Only humans can really raise the ceiling here. They can use AI to be more effective. But humans bring the point of view.
The consequence, in Field’s telling, is that businesses will need stronger points of view, not less. As AI floods the attention economy with more content, design becomes more important as a differentiator. Companies trying to stand out will need to be bold across software, brand, marketing, advertising, and product experience. In his formulation, AI can make people more effective, but the value of the tooling is that it lets designers apply human judgment across more of the production stack.
Model modularity supports a larger claim about where value moves
Asked whether the coding layer was built by Figma itself or whether the company is model- or coding-platform-agnostic, Dylan Field said Figma has “always taken a modular approach” to models. The company can swap models in and out on behalf of users or at a user’s request.
That modularity matters because Field sees code itself becoming less scarce. His claim was not merely that Figma can call different AI models; it was that as code “commoditizes,” value moves up the stack to design. In that context, the code layer is also a claim about where software creation is headed. If code generation becomes easier and more abundant, Field argued, the differentiating work shifts toward design.

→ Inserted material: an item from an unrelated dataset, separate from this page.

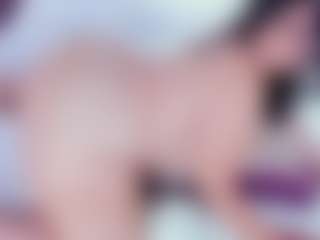 Live cam show with Amanda Cruz - Ebony Blowjob on Camming Site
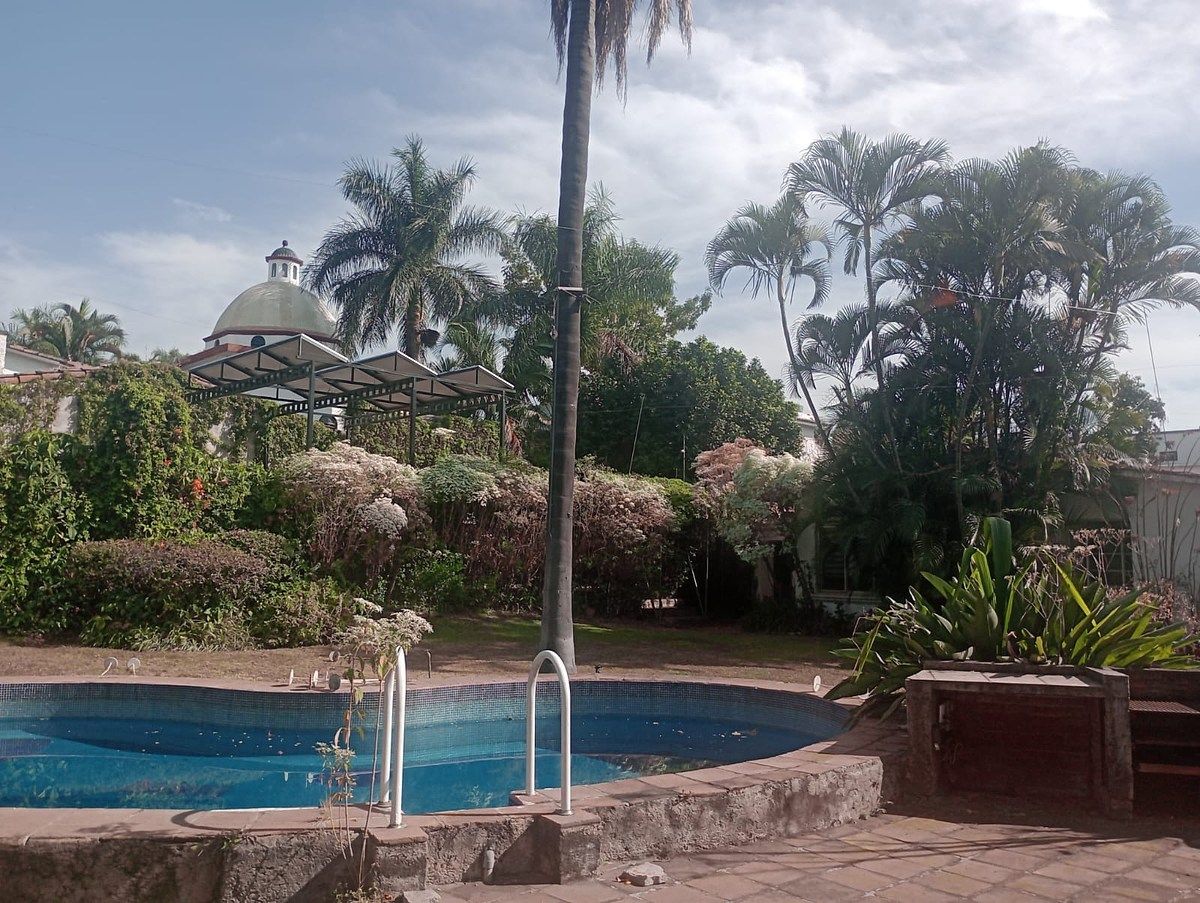 RESIDENCIA EN VENTA EN VISTA HERMOSA - foto 3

Ed Ludlow framed one business implication bluntly: “Tokens equal revenues.” Field’s answer was that Figma is excited to be “part of that token flow” because of what it can mean for users and their ability to affect the platform.
The more expansive version of the claim is that designers may move further into software creation. Field said Figma believes that in the future “designers are the ones” who will be building all the software. The statement depends on the earlier premise: if AI makes implementation more accessible, the person with the product judgment and design intent can move further into creation instead of handing off a static design to a separate implementation process.
Brand assets and workflows become part of the system of record
Ed Ludlow brought in an audience question about whether Figma plans to become a platform for brand integration using MCP. The question described a user who might build a website in another application but still wants an AI agent to access a “ground truth”: owned IP, branding, logos, artwork, and related assets.
Dylan Field answered more broadly than brand integration alone. He said Figma wants to do more for digital asset production workflows, including systems for advertising and media generation. The company’s bet here is Figma Weave, which Field described as a platform for composing models and workflows while preserving human craft.
The metaphor he used was shaping model output “like clay.” Weave, in his description, is meant to let users compose workflows, keep a human touch, and reach higher-quality outputs than a raw prompt might deliver. Those workflows can then be run through an API and pulled into other systems.
That answer positioned Figma not just as a repository for visual assets, but as a system of record for how those assets and brand expressions are produced. Field said the company is excited to be the system of record for brand assets, design systems, and the workflows themselves.
The distinction is important. A brand system in this framing is not only logos, colors, and reusable components. It also includes the repeatable processes that generate ads, media, product experiences, and other digital outputs. If AI agents are going to act on behalf of teams, Field’s answer suggests Figma wants them to draw from a system of record for brand assets, design systems, and workflows.